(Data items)
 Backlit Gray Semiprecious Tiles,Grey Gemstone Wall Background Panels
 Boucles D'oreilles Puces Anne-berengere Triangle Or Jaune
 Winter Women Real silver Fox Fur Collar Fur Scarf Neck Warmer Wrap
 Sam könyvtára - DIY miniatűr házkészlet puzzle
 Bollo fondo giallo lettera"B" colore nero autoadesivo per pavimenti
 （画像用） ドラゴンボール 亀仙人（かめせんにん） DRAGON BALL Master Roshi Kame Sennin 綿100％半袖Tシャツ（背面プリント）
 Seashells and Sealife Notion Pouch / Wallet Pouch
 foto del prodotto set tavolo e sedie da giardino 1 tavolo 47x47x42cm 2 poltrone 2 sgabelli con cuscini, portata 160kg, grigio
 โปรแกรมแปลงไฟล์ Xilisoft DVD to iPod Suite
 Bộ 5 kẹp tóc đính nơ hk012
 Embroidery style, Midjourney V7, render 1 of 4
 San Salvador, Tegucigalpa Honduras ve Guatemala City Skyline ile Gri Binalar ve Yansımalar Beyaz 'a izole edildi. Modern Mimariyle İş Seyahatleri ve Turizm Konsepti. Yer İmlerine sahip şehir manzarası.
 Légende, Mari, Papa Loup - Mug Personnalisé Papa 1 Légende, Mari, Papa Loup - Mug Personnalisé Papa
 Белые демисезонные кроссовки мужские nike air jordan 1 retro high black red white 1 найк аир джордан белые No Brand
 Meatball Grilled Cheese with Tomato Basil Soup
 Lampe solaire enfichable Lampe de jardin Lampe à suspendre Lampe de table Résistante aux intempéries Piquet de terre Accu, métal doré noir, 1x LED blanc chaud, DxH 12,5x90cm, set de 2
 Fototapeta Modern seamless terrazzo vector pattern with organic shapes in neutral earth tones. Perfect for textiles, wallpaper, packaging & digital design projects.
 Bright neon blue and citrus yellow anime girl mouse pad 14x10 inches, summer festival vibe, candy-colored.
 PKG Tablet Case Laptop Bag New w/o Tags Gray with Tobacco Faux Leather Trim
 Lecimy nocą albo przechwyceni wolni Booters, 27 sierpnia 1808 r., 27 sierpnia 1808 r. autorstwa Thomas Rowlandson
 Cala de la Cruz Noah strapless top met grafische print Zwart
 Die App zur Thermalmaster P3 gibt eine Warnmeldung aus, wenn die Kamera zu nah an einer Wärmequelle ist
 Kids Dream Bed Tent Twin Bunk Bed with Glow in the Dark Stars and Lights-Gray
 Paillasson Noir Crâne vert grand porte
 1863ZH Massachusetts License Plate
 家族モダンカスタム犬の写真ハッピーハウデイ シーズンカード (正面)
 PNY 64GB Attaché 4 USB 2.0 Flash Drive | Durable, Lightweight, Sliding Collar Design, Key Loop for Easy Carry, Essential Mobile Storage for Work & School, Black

◆ WHAT IS REQUIRED
Scan the entries above and copy each line where "Gray" occurs.

◆ TASK ANSWER
 Backlit Gray Semiprecious Tiles,Grey Gemstone Wall Background Panels
 PKG Tablet Case Laptop Bag New w/o Tags Gray with Tobacco Faux Leather Trim
 Kids Dream Bed Tent Twin Bunk Bed with Glow in the Dark Stars and Lights-Gray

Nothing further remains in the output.